Below are the records; copy exactly the stretch from the line containing "Green & Red" through the line containing "Scissor lift Genie", both ends included, and nothing else.

# # # # # # #

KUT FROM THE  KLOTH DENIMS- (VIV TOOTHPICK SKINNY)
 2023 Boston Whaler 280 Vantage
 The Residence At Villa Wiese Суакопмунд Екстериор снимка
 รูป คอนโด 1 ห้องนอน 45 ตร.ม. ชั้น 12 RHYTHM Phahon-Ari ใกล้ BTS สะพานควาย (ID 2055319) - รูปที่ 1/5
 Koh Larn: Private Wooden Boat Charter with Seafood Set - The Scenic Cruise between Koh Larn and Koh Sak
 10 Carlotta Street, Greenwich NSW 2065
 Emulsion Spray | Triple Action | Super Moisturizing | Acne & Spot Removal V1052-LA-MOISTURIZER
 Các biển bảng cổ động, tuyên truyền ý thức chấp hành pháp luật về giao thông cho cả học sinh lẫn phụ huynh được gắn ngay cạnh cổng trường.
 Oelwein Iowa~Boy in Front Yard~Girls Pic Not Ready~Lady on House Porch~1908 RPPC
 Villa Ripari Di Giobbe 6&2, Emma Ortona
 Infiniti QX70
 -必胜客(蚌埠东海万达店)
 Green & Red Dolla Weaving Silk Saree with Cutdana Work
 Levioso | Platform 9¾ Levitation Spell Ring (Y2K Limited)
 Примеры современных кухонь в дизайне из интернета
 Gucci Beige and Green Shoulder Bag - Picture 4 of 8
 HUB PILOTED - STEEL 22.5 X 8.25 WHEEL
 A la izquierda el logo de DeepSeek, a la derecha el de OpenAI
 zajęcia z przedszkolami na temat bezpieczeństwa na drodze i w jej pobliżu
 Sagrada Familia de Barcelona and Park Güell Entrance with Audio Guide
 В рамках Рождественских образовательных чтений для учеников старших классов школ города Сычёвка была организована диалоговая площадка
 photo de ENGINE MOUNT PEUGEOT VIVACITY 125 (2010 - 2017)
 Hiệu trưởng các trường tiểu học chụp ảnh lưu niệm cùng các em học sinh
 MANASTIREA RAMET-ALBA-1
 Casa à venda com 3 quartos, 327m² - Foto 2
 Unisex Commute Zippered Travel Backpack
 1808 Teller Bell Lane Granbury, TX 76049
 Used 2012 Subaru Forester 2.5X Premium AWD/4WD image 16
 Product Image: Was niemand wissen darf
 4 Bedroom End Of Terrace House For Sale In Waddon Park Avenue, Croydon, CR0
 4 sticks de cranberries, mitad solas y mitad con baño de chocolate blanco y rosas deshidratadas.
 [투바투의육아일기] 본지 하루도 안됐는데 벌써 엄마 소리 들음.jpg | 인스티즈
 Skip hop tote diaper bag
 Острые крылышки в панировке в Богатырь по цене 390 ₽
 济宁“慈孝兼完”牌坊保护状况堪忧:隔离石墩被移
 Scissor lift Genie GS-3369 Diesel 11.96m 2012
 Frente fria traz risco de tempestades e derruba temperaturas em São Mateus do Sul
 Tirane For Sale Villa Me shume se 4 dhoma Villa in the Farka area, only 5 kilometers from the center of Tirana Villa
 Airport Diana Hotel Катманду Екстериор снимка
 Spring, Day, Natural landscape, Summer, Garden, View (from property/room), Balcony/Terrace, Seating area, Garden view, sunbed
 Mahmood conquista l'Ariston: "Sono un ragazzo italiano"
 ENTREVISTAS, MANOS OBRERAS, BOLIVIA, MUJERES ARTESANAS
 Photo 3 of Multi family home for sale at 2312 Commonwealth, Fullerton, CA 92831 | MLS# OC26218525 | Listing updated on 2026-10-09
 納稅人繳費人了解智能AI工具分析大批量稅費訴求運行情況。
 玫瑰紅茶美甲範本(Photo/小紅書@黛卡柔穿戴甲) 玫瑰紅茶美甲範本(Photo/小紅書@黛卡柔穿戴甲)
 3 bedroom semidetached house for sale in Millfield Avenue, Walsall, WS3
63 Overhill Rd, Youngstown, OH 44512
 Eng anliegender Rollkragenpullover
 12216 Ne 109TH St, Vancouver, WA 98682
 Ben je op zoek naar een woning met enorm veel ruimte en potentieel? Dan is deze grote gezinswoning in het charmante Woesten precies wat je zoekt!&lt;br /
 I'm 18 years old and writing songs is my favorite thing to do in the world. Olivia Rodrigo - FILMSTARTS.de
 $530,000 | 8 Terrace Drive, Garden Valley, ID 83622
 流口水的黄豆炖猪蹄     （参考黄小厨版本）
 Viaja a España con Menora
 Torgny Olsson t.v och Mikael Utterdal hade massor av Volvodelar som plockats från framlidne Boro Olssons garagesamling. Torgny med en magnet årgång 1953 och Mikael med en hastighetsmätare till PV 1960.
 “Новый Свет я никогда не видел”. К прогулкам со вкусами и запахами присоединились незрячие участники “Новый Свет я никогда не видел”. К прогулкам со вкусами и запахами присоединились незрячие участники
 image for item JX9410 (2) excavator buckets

# # # # # # #

**WRITTEN REPLY:**
 Green & Red Dolla Weaving Silk Saree with Cutdana Work
 Levioso | Platform 9¾ Levitation Spell Ring (Y2K Limited)
 Примеры современных кухонь в дизайне из интернета
 Gucci Beige and Green Shoulder Bag - Picture 4 of 8
 HUB PILOTED - STEEL 22.5 X 8.25 WHEEL
 A la izquierda el logo de DeepSeek, a la derecha el de OpenAI
 zajęcia z przedszkolami na temat bezpieczeństwa na drodze i w jej pobliżu
 Sagrada Familia de Barcelona and Park Güell Entrance with Audio Guide
 В рамках Рождественских образовательных чтений для учеников старших классов школ города Сычёвка была организована диалоговая площадка
 photo de ENGINE MOUNT PEUGEOT VIVACITY 125 (2010 - 2017)
 Hiệu trưởng các trường tiểu học chụp ảnh lưu niệm cùng các em học sinh
 MANASTIREA RAMET-ALBA-1
 Casa à venda com 3 quartos, 327m² - Foto 2
 Unisex Commute Zippered Travel Backpack
 1808 Teller Bell Lane Granbury, TX 76049
 Used 2012 Subaru Forester 2.5X Premium AWD/4WD image 16
 Product Image: Was niemand wissen darf
 4 Bedroom End Of Terrace House For Sale In Waddon Park Avenue, Croydon, CR0
 4 sticks de cranberries, mitad solas y mitad con baño de chocolate blanco y rosas deshidratadas.
 [투바투의육아일기] 본지 하루도 안됐는데 벌써 엄마 소리 들음.jpg | 인스티즈
 Skip hop tote diaper bag
 Острые крылышки в панировке в Богатырь по цене 390 ₽
 济宁“慈孝兼完”牌坊保护状况堪忧:隔离石墩被移
 Scissor lift Genie GS-3369 Diesel 11.96m 2012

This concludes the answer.